Crystallography has a number of independent roots in Western Australia. The first single crystal studies at UWA were under the direction of C. J. B. Clews, who came as Professor of Physics in 1952 from the Cavendish Laboratory, Cambridge. Two pyrimidine structures were determined with Noel E. White, D.E. Jukes and E.N. Maslen in 1956, the latter in his Honours year. Ted proceeded to Oxford as a Rhodes scholar to work with Dorothy Hodgkin on penicillin and cephalosporin derivatives for his Ph.D. which he received in 1960, returning to the UWA Physics Department as lecturer in that year. He took over the diffraction group of Clews, who became Deputy and Acting Vice-Chancellor.
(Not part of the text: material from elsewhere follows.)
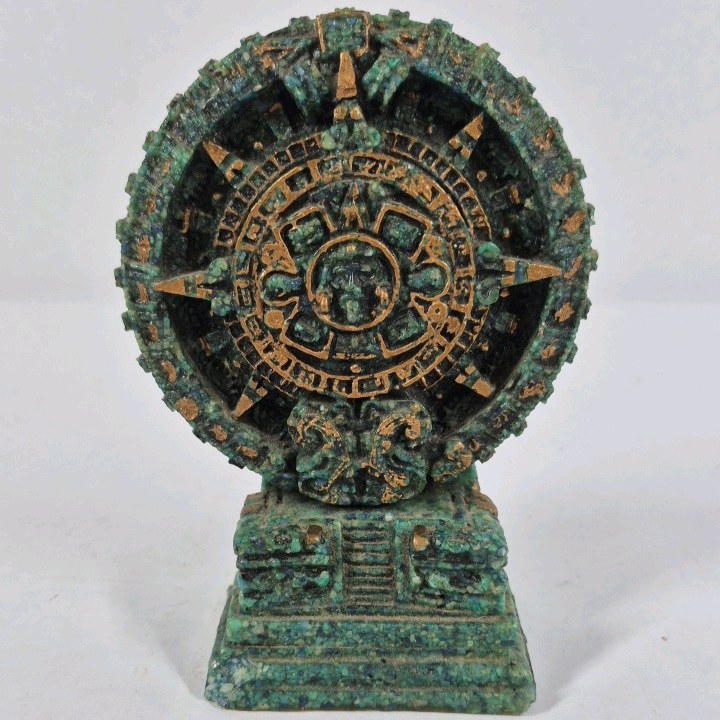 Aztec Mayan Calendar Stone Sculpture Green Patina Decorative Statue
In this period, electron diffraction studies were also introduced.

A reflection electron diffraction camera was constructed and used by P.B. Sewell, J.H. Chute and A.E.C Spargo for epitaxy studies under the supervision of L.N.D. Lucas, subsequently Director of the Electron Microscopy Centre established in 1970. His third research student was a later Director, A.W.S. Johnson, who worked on lead films and surfaces. Powder diffraction studies on soil colloids were undertaken by J. Graham in 1953 under the supervision of J. Shearer. In the Chemistry Department, D.J.M. Bevan was appointed in the late fifties followed by B.N. Figgis, B.G. Hyde and A.H. White in the early and middle sixties, together with, subsequently, one of Bevan's Ph.D. graduates, F.J. Lincoln.

The study of crystallography with electrons flourished in the Chemistry Department in the early 1960s with Hyde, Bevan and L. Bursill’s acquisition of a Siemens transmission electron microscope which was used to elucidate the structures of refractory oxides. The Centre for Microscopy and Microanalysis currently houses a Philips 430 analytical transmission electron microscope (AEM) with a Gatan Image Filter, an X-ray energy dispersive spectrometer and computer analysis system (EDS) acquired in 1985, a JEOL 2000FX II STEM, a 200kV instrument with an integrated EDS system (1990) plus a variety of scanning electron microscopes.
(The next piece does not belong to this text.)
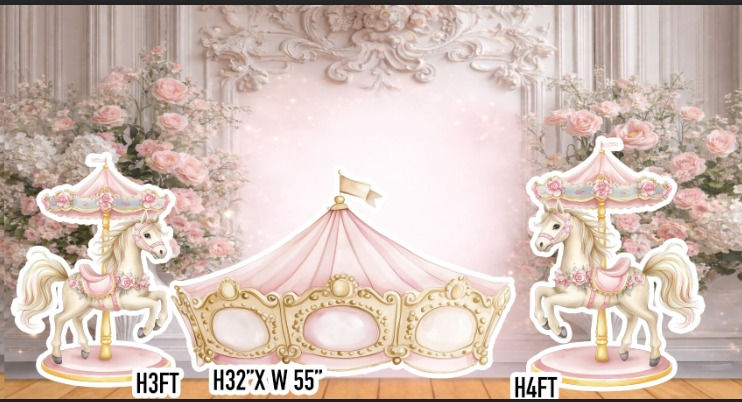 RA3810 CARRUSEL HORSE Tent Pink SB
Maslen brought with him from Oxford a keen interest in the application of computers to diffraction studies, first of all in accessing SILLIAC at Sydney, then locally in 1963, an IBM 1620 followed by a DEC PDP-6 in 1967. The latter was used to control one of the first four-circle diffractometers in Australia, a Hilger and Watts Y-231. In this decade, Ted's interests were directed at the elucidation of organic structures by direct methods, with developing interest in precise diffraction studies and their potential for the study of electron density distributions, while the study of inorganic and coordination compounds was developing solidly in the Chemistry Department. A number of graduates of this era subsequently became influential in initiating structural work in other venues: S.R. Hall, G.B. Robertson, K.J. Watson, in single crystal studies, and B.H. O'Connor and H.M. Rietveld in powder work.
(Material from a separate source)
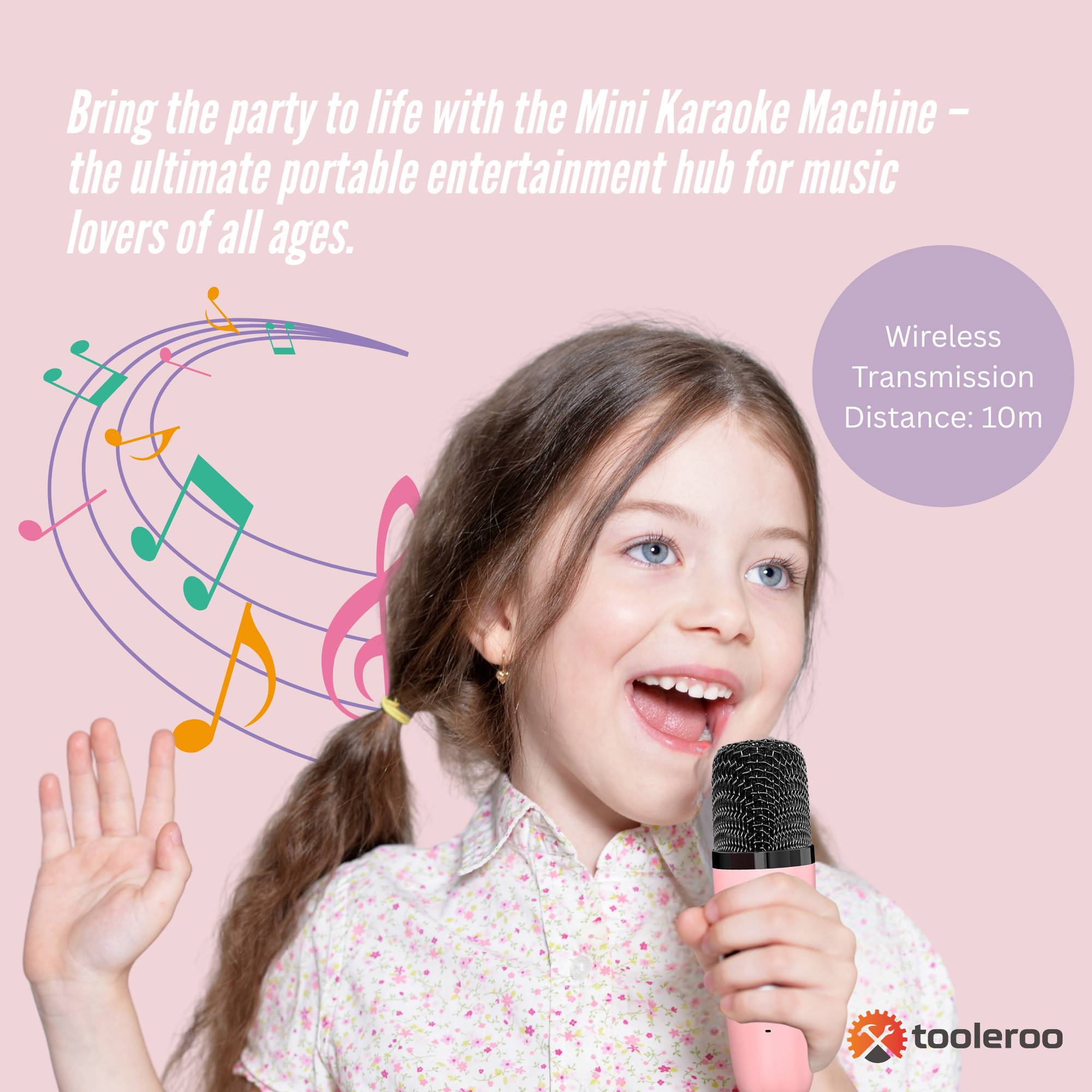 Mini Karaoke Machine and 2x Wireless Microphones Portable Bluetooth Speaker Pink 3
A purchase of another four-circle diffractometer by the Chemistry Department in 1970 (a Syntex) led to the formation of the Crystallography Centre with Maslen as Director and White as deputy. In 1975 S.R. Hall joined the Centre, and in 1993 became Director when Maslen became Head of UWA Physics. A further diffractometer was purchased in 1978 (Syntex P21), followed by two Enraf-Nonius Turbo CAD-4 instruments, one with a rotating-anode generator, in 1987 and 1992. These acquisitions were with ARC support in cognisance of collaborative structural activities with other campuses, such grants also funding the initial appointments of C.L. Raston, and, later B.W. Skelton.

In the late 70's, the Centre's involvement in the development of the XRAY system, and subsequently the XTAL package, together with the precision density and structural chemistry studies, led to the acquisition of an Interdata microcomputer, and a separation from the UWA central computing facility. Subsequent generations of machines have led to the present complement of workstations that include Sun, SGI and DEC machines.

Research activities at UWA have also encompassed single-crystal neutron diffraction experiments, primarily in respect of X-N electron distribution studies, and more recently the use of synchrotron X-ray sources at Tsukuba, and polarized neutron spin density studies at Grenoble, the latter being coupled with the successful local construction of a helium-temperature instrument by B.N. Figgis.

In 1991 the Research Centre for Advanced Mineral and Material Processing (RCAMMP) acquired a powder diffractometer (Siemens D500) with a high temperature attachment. F.J Lincoln’s solid state chemistry group’s research includes detailed systematic structural and chemical studies of crystalline Western Australian minerals such as the Fe/Ni, Cu/Ag and Au/Ag sulphides and Pd/Pt and Cu/Ag selenides, the altered beach sand minerals ilmenite and zircon, the rare earth beach sand monazites and xenotimes, and the carbonatite-laterite monazites. This work is being carried out by the combination of X-ray/electron diffraction (principally, convergent beam electron diffraction) and electron microprobe analysis. Profile fitting (Rietveld) refinement methods are used for structure analysis and the quantitative analysis of mineral suites, such as the mineral sands and bauxites, from powder data. Synthesised materials, such as rare earth metal solid electrolytes, magneto-resistive lanthanum manganates, and synthesised mineral-like phases, such as the rare earth substituted monazites and apatite-based ceramic waste forms are also subjected to crystal structure analysis.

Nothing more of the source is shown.